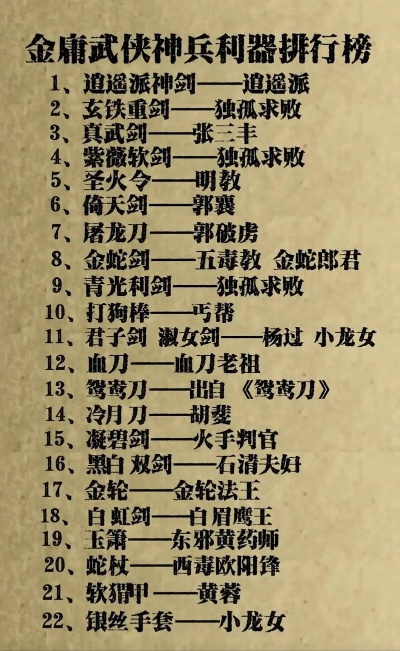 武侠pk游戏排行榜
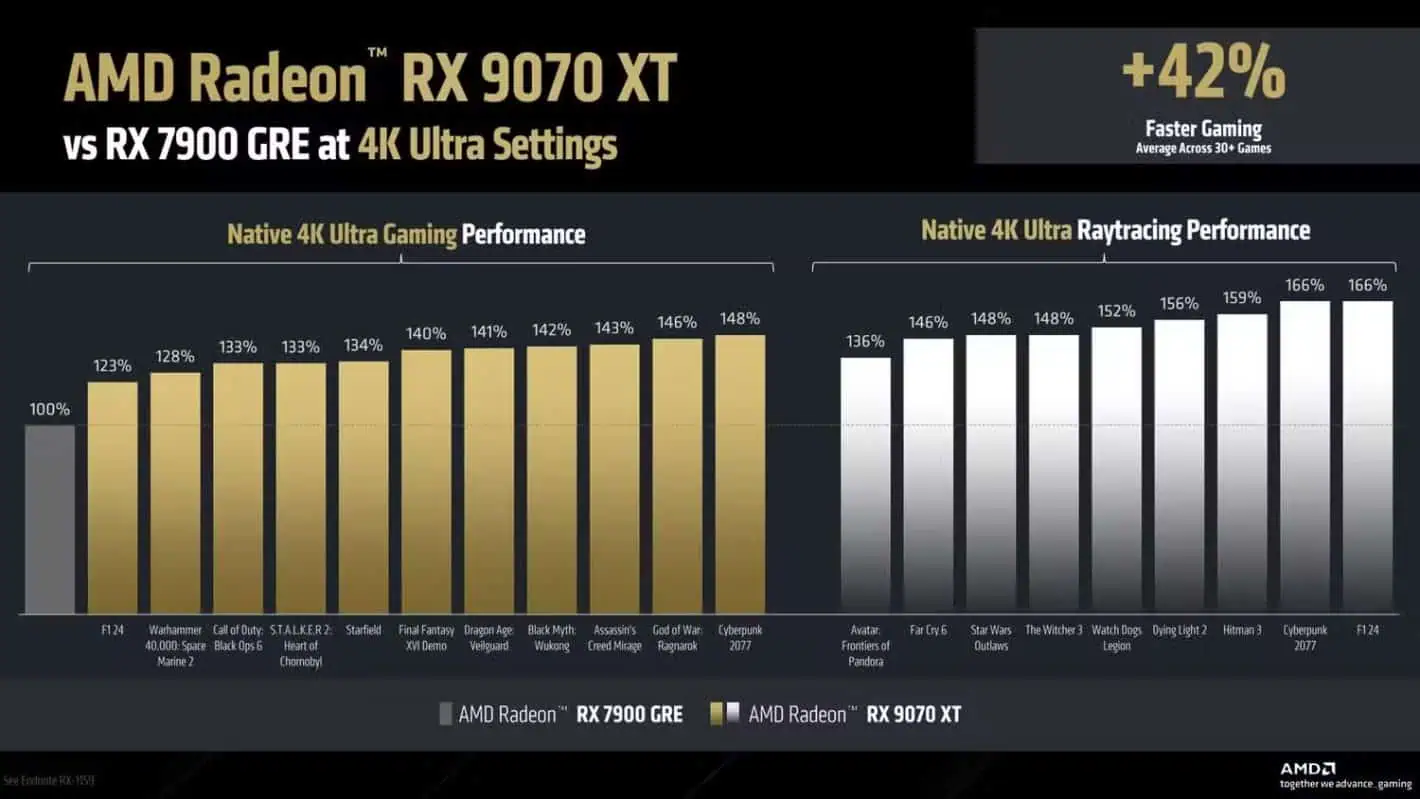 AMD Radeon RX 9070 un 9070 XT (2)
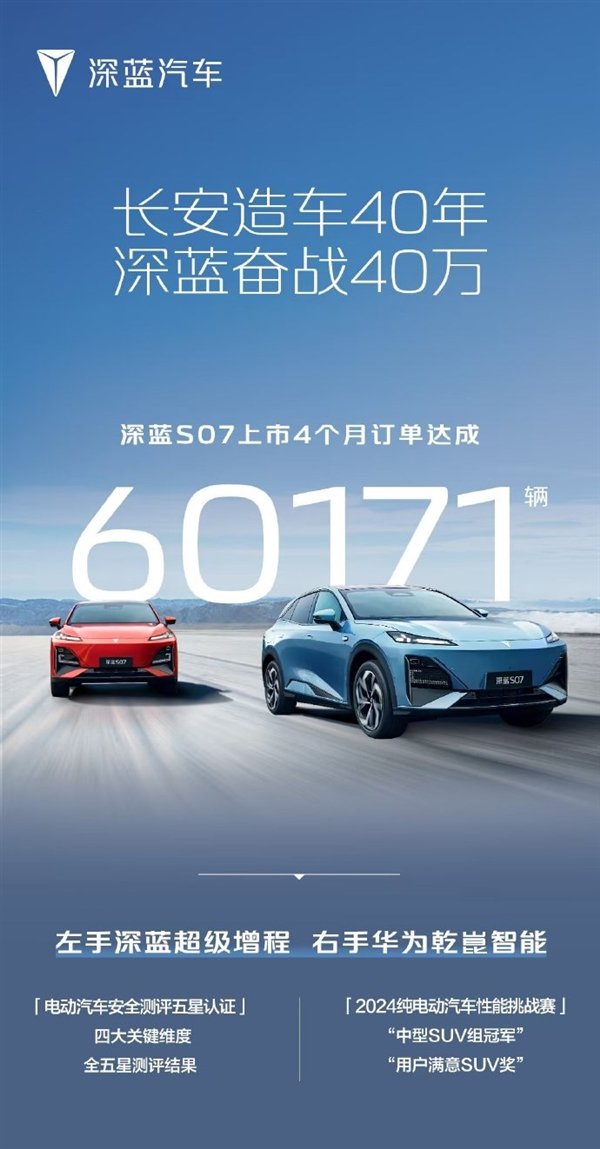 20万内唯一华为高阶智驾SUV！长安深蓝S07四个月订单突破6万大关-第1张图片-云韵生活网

########

* WORK TO COMPLETE: Would you write out the data exactly, with no pictures in the copy?

* RESULT OF THE TASK:
 武侠pk游戏排行榜
 AMD Radeon RX 9070 un 9070 XT (2)
 20万内唯一华为高阶智驾SUV！长安深蓝S07四个月订单突破6万大关-第1张图片-云韵生活网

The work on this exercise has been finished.